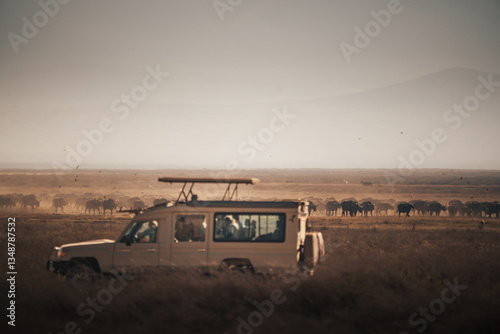 Tourists enjoying a safari trip are observing a herd of wildebeest migrating in the ngorongoro crater, tanzania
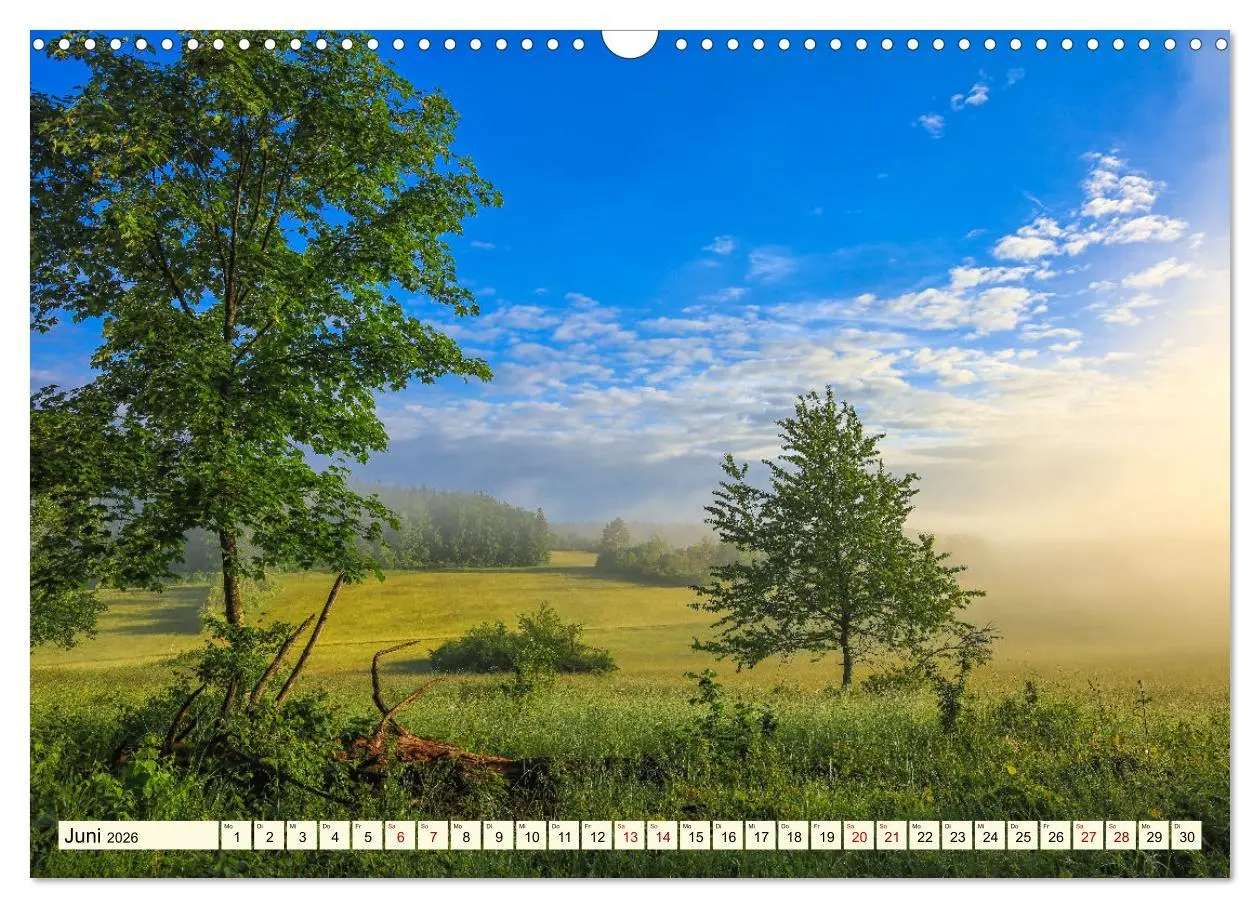 Bild: 9783457578384 | Naturpark Obere Donau (Wandkalender 2026 DIN A3 quer), CALVENDO...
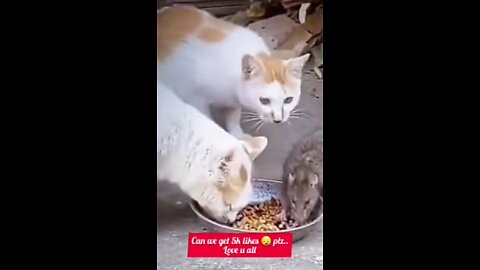 Funny cats with mouse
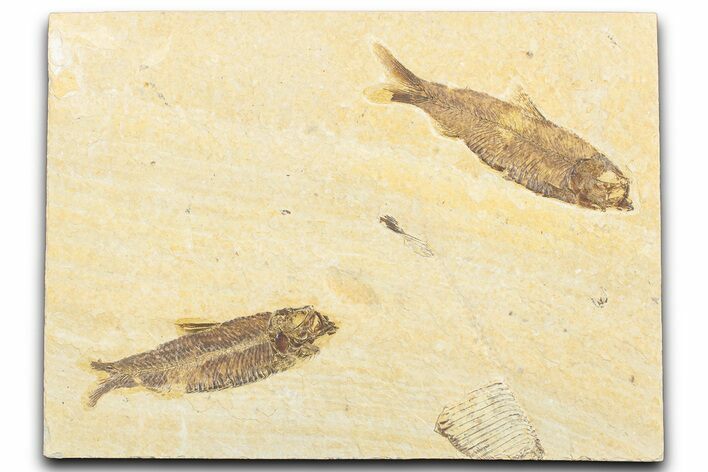 Limestone with Two Fossil Fish (Knightia) - Wyoming #346950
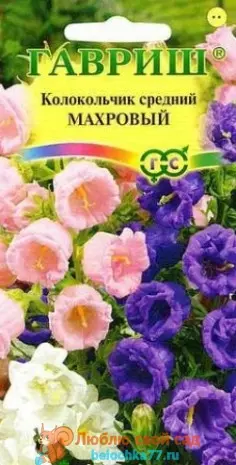 Колокольчик пирамидальный выращивание из семян — изображение 9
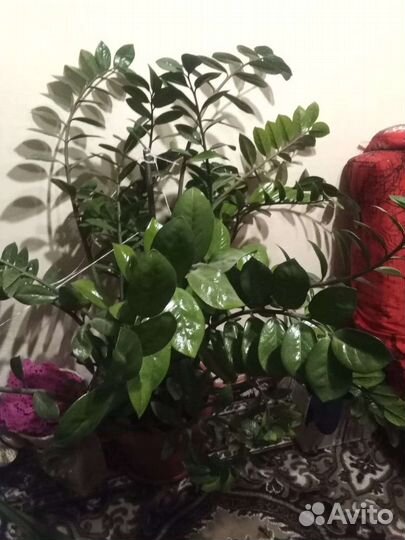 Замиокулькас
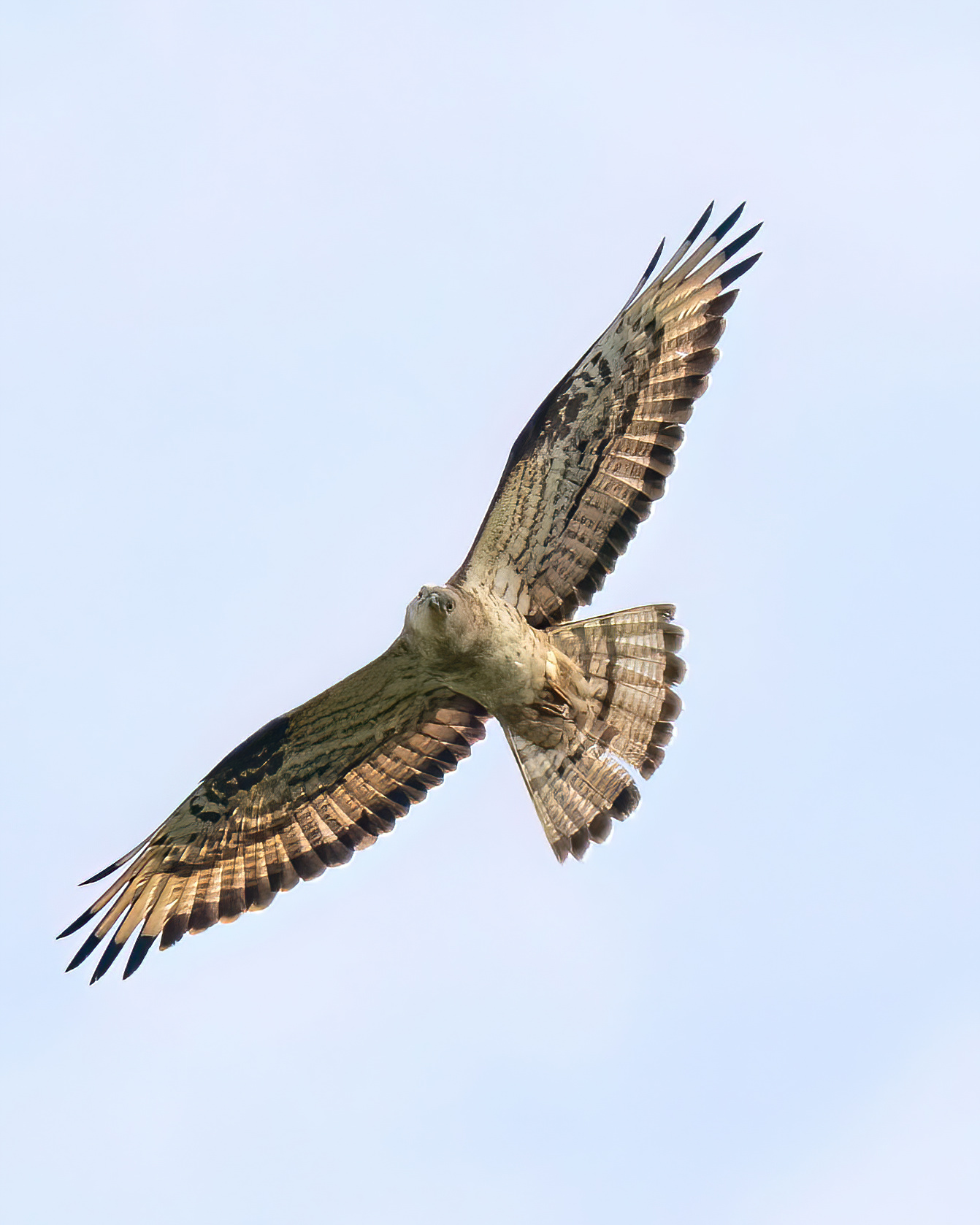 Wespenbussard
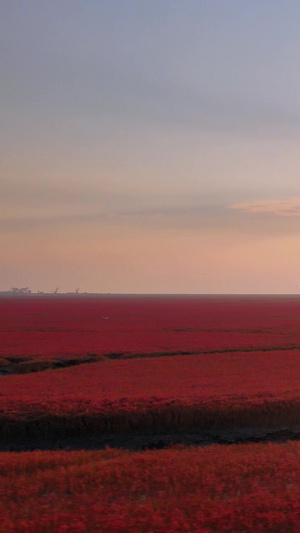红海滩国家风景廊道落日夕阳5A级风景区46秒视频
════════════════════
## EXERCISE BRIEF
A faithful, word-for-word copy of the records above, pictures left out, is the answer.

## RESULT
 Tourists enjoying a safari trip are observing a herd of wildebeest migrating in the ngorongoro crater, tanzania
 Bild: 9783457578384 | Naturpark Obere Donau (Wandkalender 2026 DIN A3 quer), CALVENDO...
 Funny cats with mouse
 Limestone with Two Fossil Fish (Knightia) - Wyoming #346950
 Колокольчик пирамидальный выращивание из семян — изображение 9
 Замиокулькас
 Wespenbussard
红海滩国家风景廊道落日夕阳5A级风景区46秒视频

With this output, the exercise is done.